Charging infrastructure is an area where the United States is severely lacking compared to Europe and China. Rapid, higher-voltage charging stations are essential to be able to take a car long distances, and lower-voltage stations are necessary for urban owners who don’t have an assigned parking space. Both are scarce in the United States, at least for non-Tesla vehicles. But this is not a terribly expensive problem, as Tesla has built a successful charging network for around $100 million, and Volkswagen has already committed to investing $2 billion in charging infrastructure as part of a settlement to an emissions scandal. Biden’s $174 billion dwarfs either of these sums, though it’s unclear exactly how much of this will be spent on infrastructure. But even a small fraction would make a large difference in charging availability.
The final problem electric cars face is in the price point, which is the main reason gasoline cars continue to be the preferred choice among consumers. Tesla made headlines with the bargain price of the Model 3 at around $40,000 in 2017 (down to $38,000 now) which was by far the cheapest electric vehicle available, but this remains extremely expensive compared to gasoline cars, which can cost under $20,000. But the price of electric cars continues to come down, and there is now significant competition to the Model 3 that is marketed to the broad consumer market: Kia Niro, Hyundai Kona/Ioniq, Chevrolet Bolt, Nissan Leaf, and the Ford Mach-E to name a few. Competition, improving technology and economies of scale will continue to drive the price down steadily. Most analysts say that the point at which gas and electric cars will reach price-parity should come in the next few years without any government intervention, though government subsidies would cause us to reach that point sooner. Currently, each model electric vehicle is allowed a fixed number of $7,500 tax credits, though the only one to use them up so far is Tesla. These tax credits have cost the US government less than $10 billion dollars, and again, Biden’s $174 billion dollar price point is much larger than anything the federal government has spent so far. Credits to reduce the sticker price of new vehicles would certainly cause them to be adopted in larger numbers sooner, which would drive production scales higher and prices lower, accelerating the overall accessibility of electric cars.

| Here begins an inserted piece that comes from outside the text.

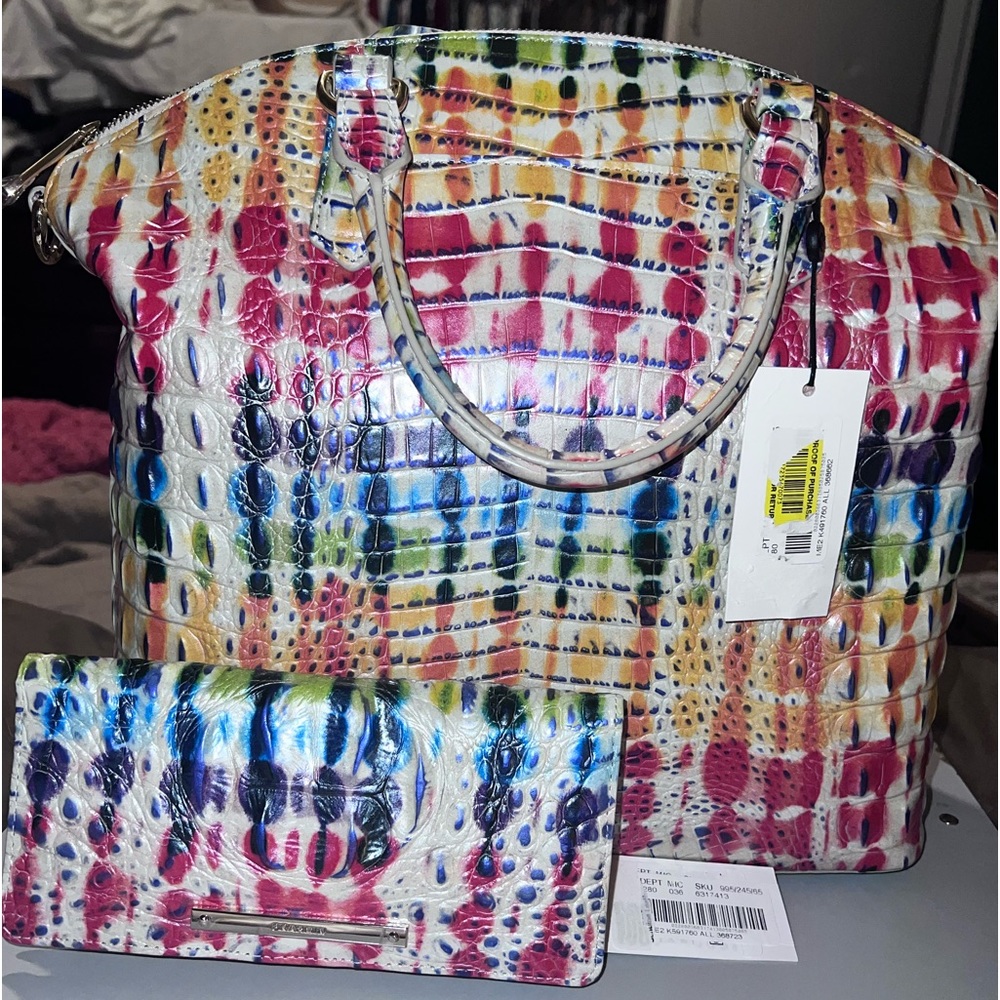 NWT Brahmin Celebration Large Duxbury Satchel with Wallet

The $174 billion allocated to electric vehicles in Biden’s infrastructure plan could easily be a game-changer if spent wisely. It’s worth noting that most of the changes will happen with or without government support, but they will likely happen much faster with it. Time will tell what type of bill will finally come out of negotiating and wrangling in Congress, but even a fraction of what has been proposed would lead to significant enhancements in charging availability and the cost of electric vehicles that would speed their widespread adoption.